With that particular shape, you can get your most muscled gym-addict friend or enemy and dare him or her to squeeze an egg from end to end, but, because of its shape, it won’t even crack.

The shape of the egg is such a wonder that had Ed Sheeran been made aware of this before he wrote his song, the lyrics would have been adjusted to “The shape of you as well, okay, but let’s not kid ourselves here, nothing beats the shape of the egg, innit?”

Pros: Life Lessons

We learn from this that even the fragile egg can withstand mighty pressure, so who are you to crumble under stress? You, too, should be like the humble egg and withstand. Because we know that if you attack an egg from the right angle you will fail to crack it.

If you attack it from the wrong angle, though, as all of us do, it will shatter instantly. There is an important life lesson there as well.

Con: The egg as an indictment on human nature

The fact that we eat chicken eggs may seem, at first, to be a victory for humanity, but that is because we think about the ethics of food, unless it is badly cooked, ‘undelicious’ and rank, which is what I believe caused the modern rise in vegetarianism and healthy eating. Someone didn’t put enough salt in the eggs and that is why the salad became a better option for once.

But we are talking about the fact that an egg is constructed of a yolk (that is the part that becomes a baby hen) and a white (which is to nourish the yolk as it develops). Therefore by eating an egg, you are not only eating the baby. You are eating the baby’s food as well.

Con: It’s kind of racist

All birds reproduce by means of eggs. And yet, we only eat the eggs of one species.

I recently saw a turkey strut up to a chicken and utter some turkey sounds at it. I am no linguist, but I believe I can translate body language. First the turkey twisted its head side-to-side like Wendy Williams, the American TV star who does that to her head when she is going to insult someone. Then the turkey called its little turkiebabies (who may be called turklets or turklings) which then proceeded, at the behest of their mother, to perform a turkey version of the New Zealand Rugby Team’s famous Haka dance in front of the poor hen.

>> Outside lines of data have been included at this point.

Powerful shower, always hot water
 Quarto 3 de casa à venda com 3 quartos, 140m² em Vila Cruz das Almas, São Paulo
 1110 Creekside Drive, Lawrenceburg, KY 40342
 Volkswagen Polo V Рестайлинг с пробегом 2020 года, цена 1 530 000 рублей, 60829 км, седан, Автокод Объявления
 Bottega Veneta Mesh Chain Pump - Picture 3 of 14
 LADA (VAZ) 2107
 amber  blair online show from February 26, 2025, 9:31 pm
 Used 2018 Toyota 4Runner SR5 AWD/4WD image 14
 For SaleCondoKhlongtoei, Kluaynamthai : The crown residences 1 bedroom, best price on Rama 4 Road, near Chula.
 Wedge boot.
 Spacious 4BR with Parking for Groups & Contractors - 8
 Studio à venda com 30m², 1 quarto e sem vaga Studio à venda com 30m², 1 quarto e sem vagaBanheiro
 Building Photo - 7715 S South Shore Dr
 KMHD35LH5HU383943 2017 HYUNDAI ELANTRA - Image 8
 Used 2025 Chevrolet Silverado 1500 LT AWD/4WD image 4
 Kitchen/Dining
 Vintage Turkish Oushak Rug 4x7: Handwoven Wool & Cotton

At the end of the performance, the mother turkey, raised its wings as if to say, “Your move, now.”

And the chicken hung its head. Again, I am sure this is not my imagination, or the whiskey I had been drinking at three in the afternoon, but I think a tear dropped from its left eye.

It had no move. It could not call its children to perform a war dance in retaliation. It had no children. We had eaten them all. And no one ate the turkey eggs. Turkey eggs have more rights than hen eggs? Racist, man.